Stored items from a collection:
# # #
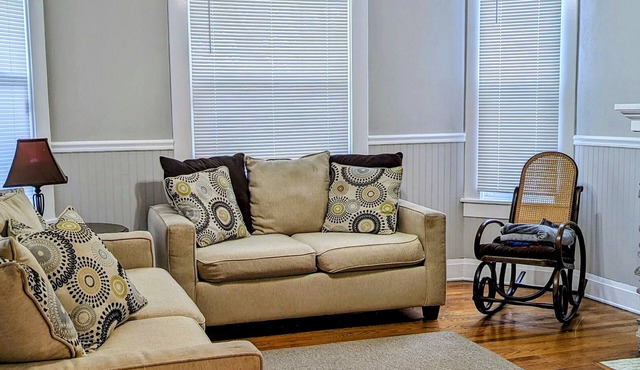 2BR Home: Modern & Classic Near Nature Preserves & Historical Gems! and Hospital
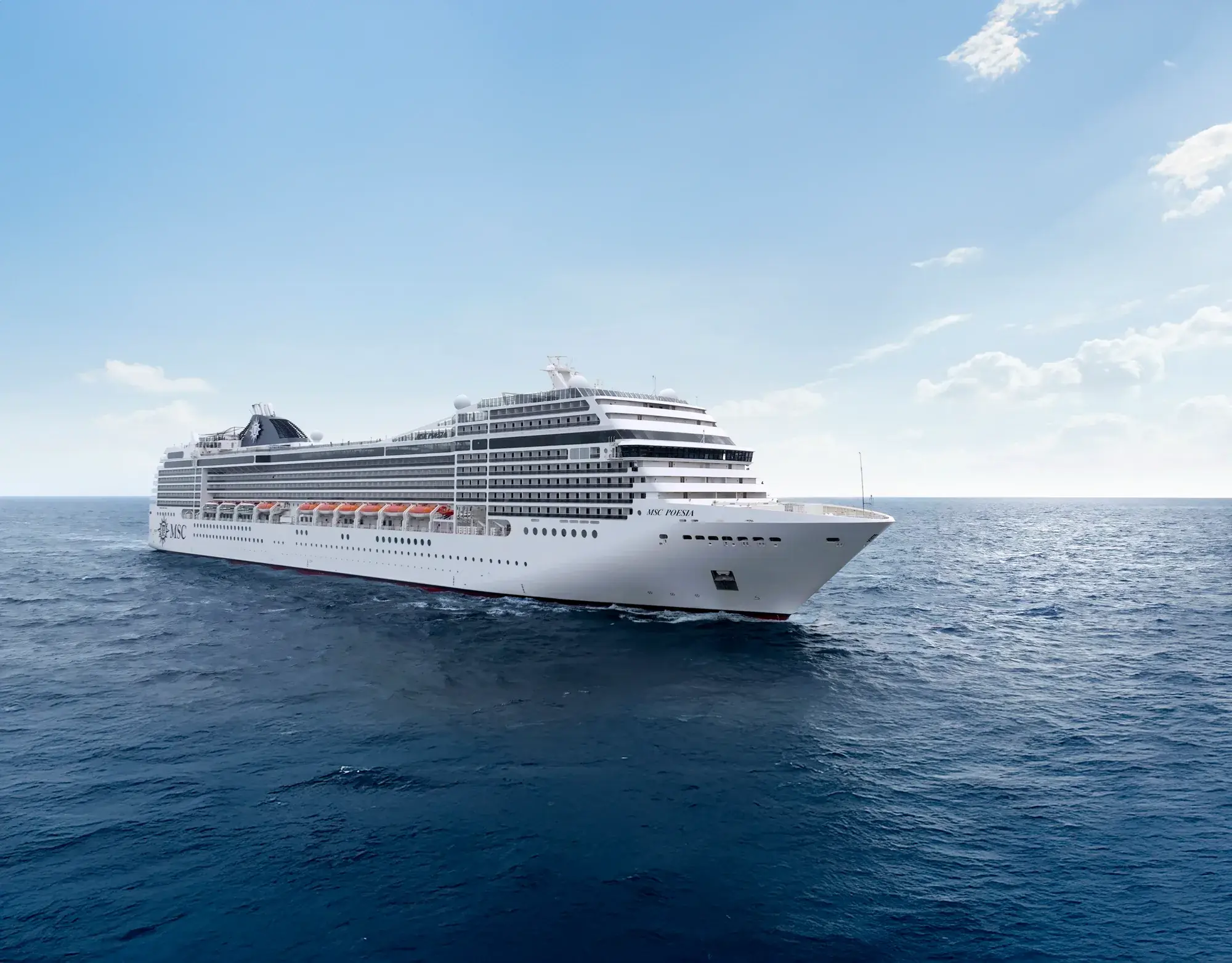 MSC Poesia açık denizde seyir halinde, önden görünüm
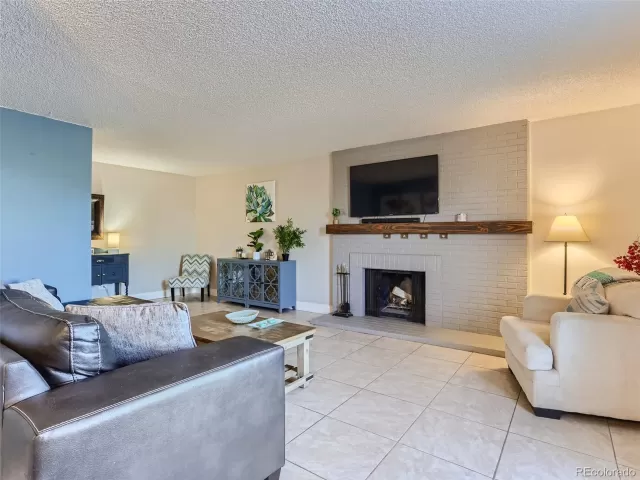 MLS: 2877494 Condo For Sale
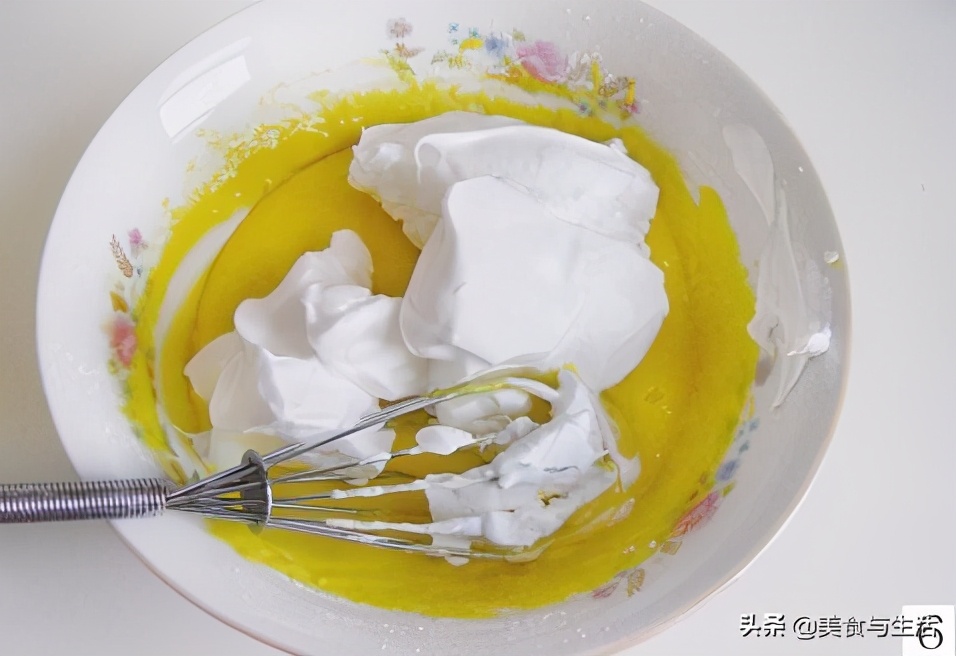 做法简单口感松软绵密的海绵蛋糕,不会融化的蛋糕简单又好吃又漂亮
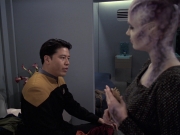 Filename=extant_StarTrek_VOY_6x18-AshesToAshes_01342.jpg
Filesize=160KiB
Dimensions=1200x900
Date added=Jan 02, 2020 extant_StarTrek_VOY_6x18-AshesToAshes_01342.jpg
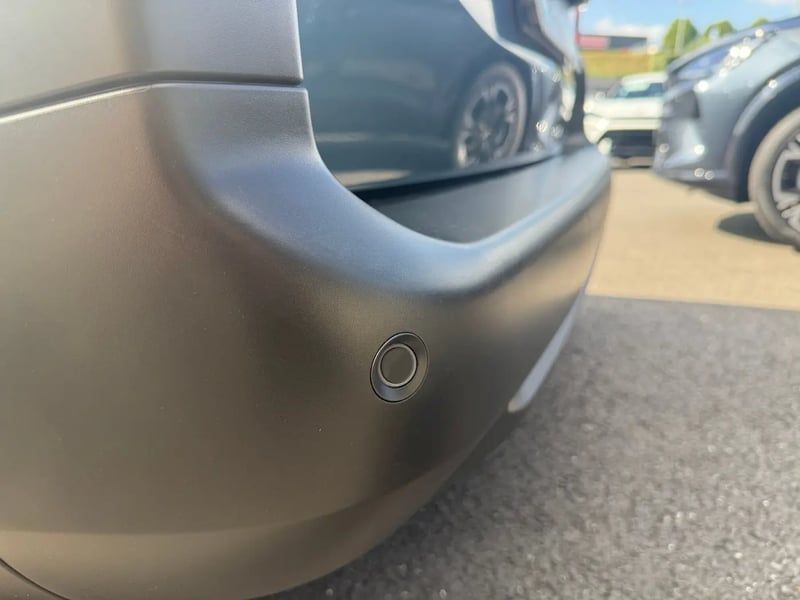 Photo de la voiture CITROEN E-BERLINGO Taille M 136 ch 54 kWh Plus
# # #
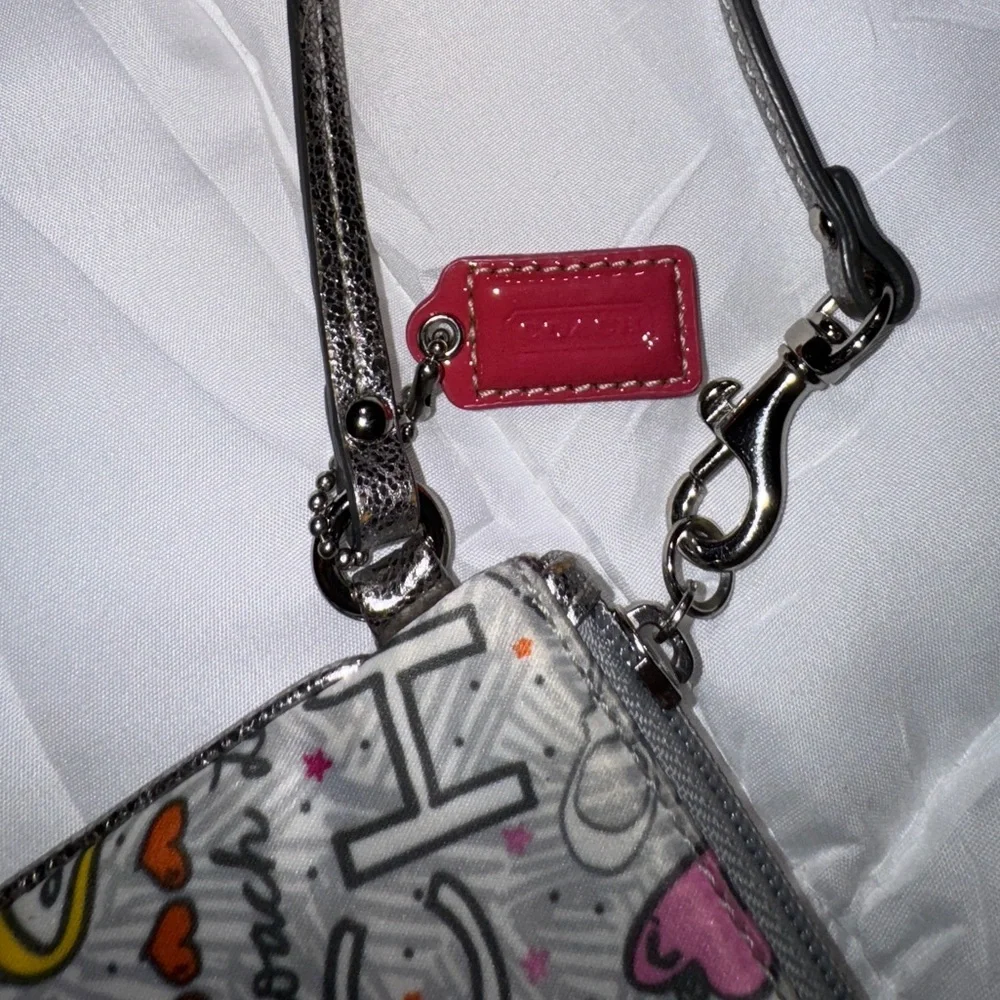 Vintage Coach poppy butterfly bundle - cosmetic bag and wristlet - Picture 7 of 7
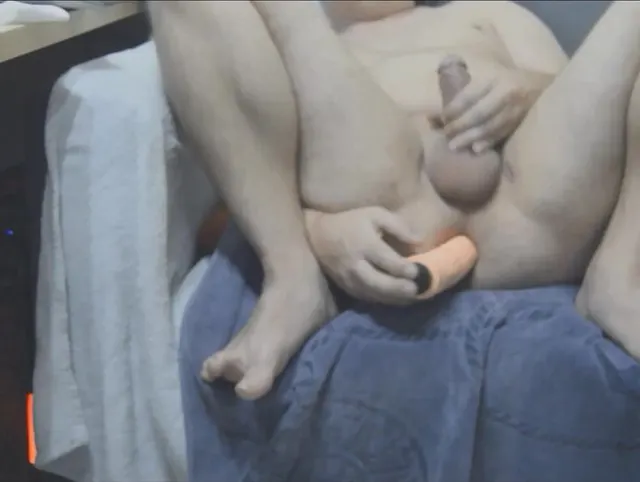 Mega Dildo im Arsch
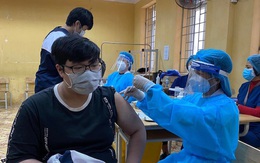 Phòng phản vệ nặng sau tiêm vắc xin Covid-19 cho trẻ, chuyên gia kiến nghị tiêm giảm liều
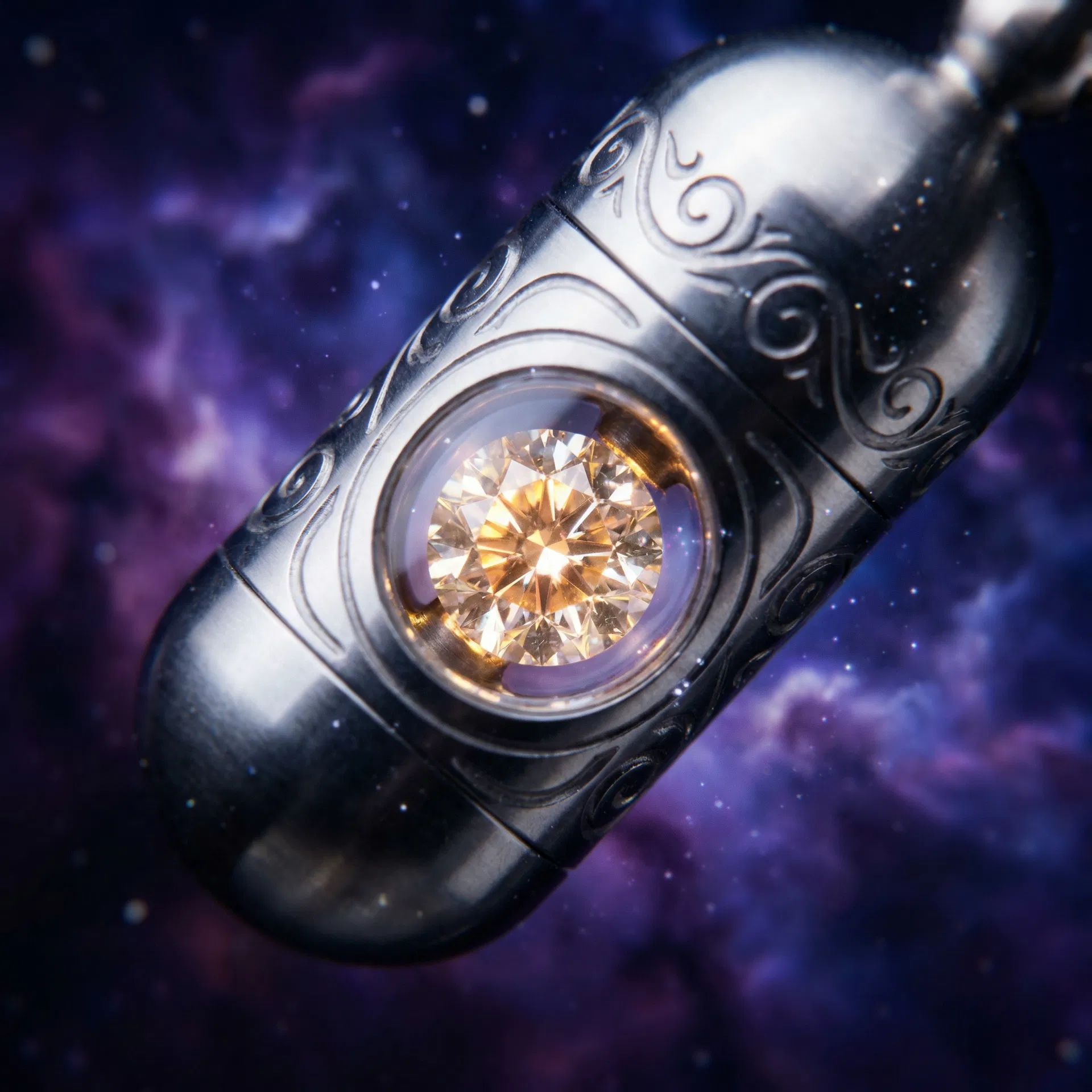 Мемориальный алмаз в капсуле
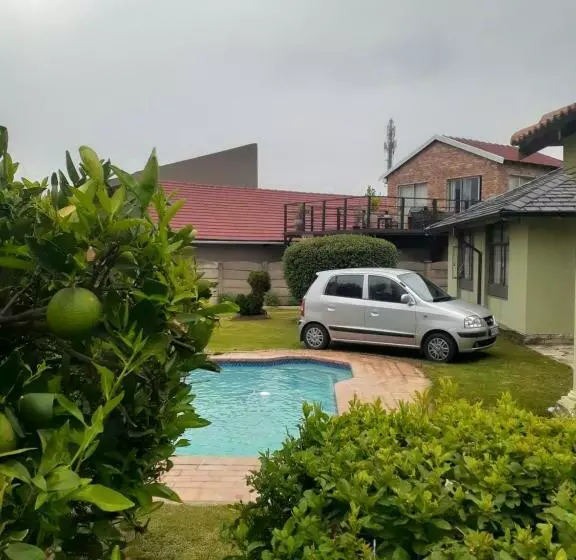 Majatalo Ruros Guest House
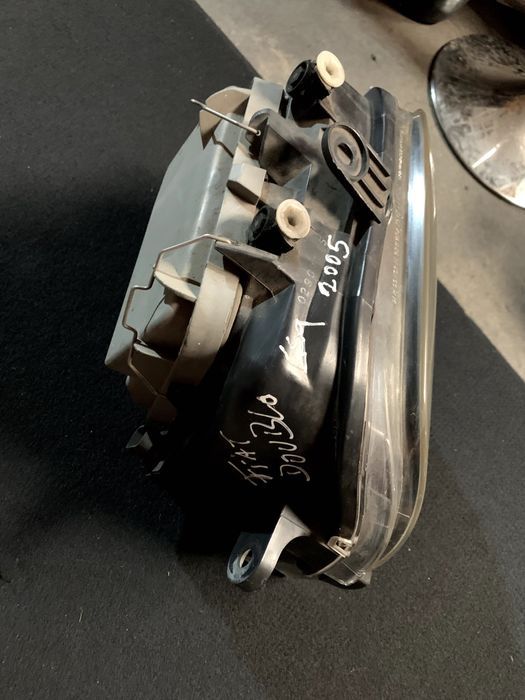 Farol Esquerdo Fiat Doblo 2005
# # #
Try it: Your answer must be the exact lines from the records above, from the one containing "2BR Home: Modern" through the one containing "Photo de la", both included, with every picture left out.

Output for this exercise:
 2BR Home: Modern & Classic Near Nature Preserves & Historical Gems! and Hospital
 MSC Poesia açık denizde seyir halinde, önden görünüm
 MLS: 2877494 Condo For Sale
 做法简单口感松软绵密的海绵蛋糕,不会融化的蛋糕简单又好吃又漂亮
 Filename=extant_StarTrek_VOY_6x18-AshesToAshes_01342.jpg
Filesize=160KiB
Dimensions=1200x900
Date added=Jan 02, 2020 extant_StarTrek_VOY_6x18-AshesToAshes_01342.jpg
 Photo de la voiture CITROEN E-BERLINGO Taille M 136 ch 54 kWh Plus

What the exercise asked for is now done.